• Task prompt:
Leave out the pictures, and print exactly the lines from the one holding "Parcela st. 2978/243" through the last line of the material.

• Data provided:
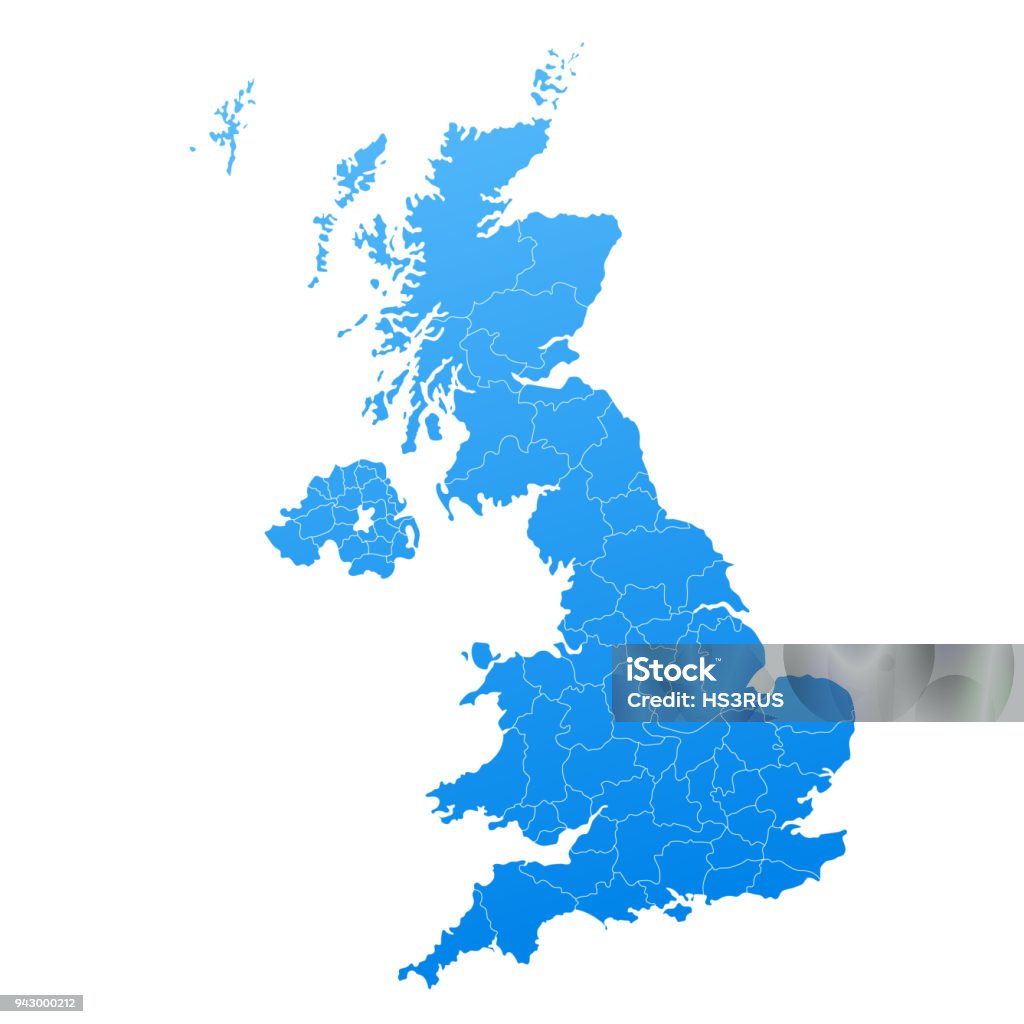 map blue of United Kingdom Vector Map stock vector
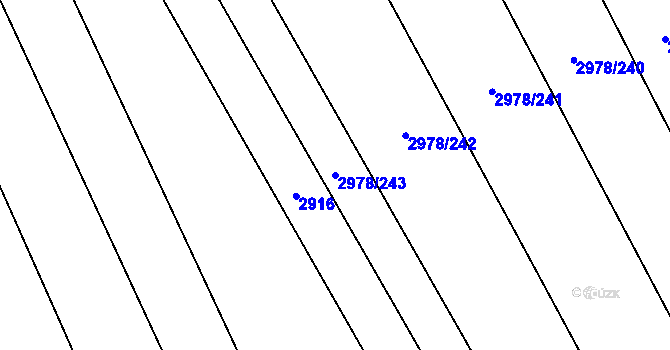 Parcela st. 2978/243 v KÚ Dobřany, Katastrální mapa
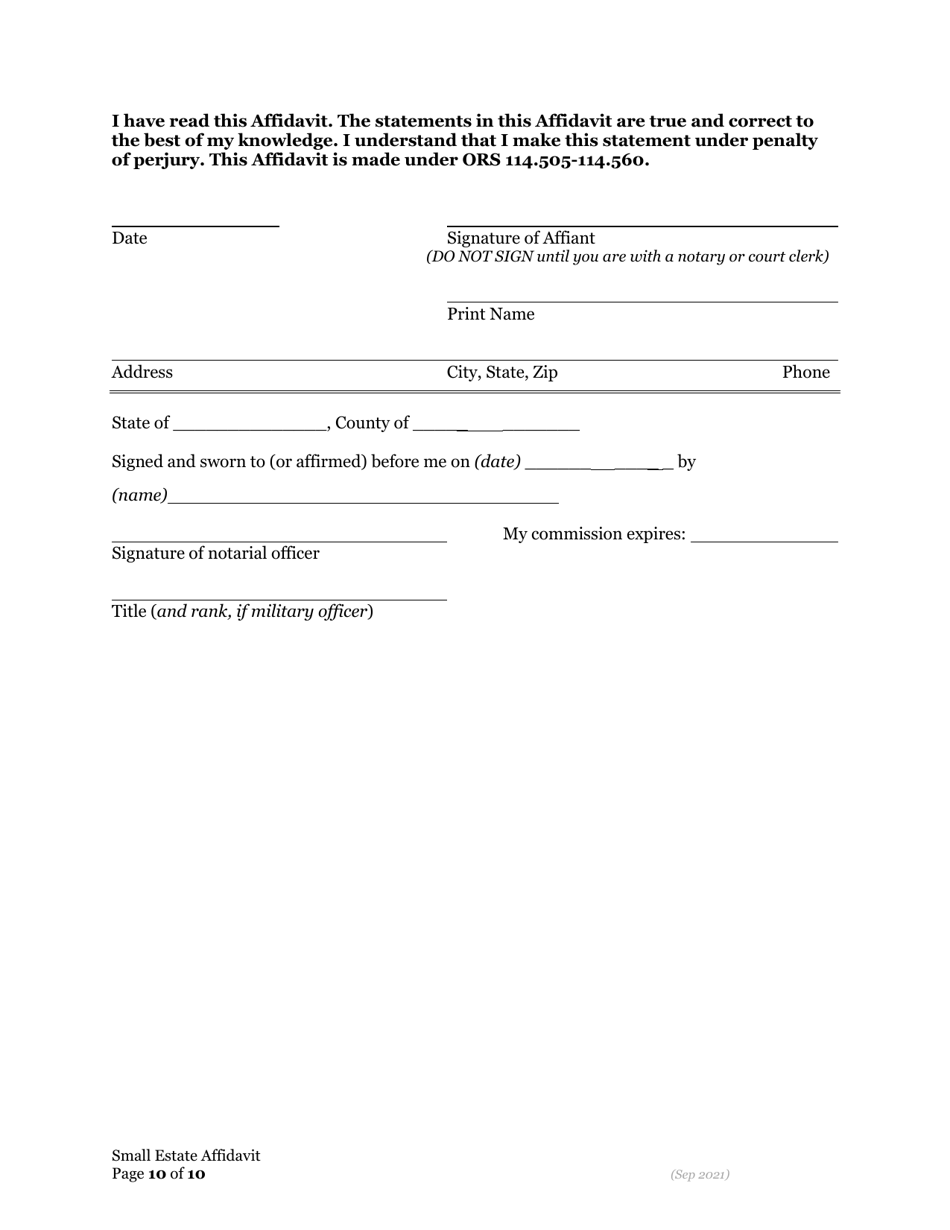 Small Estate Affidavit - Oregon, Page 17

• Solution below:
 Parcela st. 2978/243 v KÚ Dobřany, Katastrální mapa
 Small Estate Affidavit - Oregon, Page 17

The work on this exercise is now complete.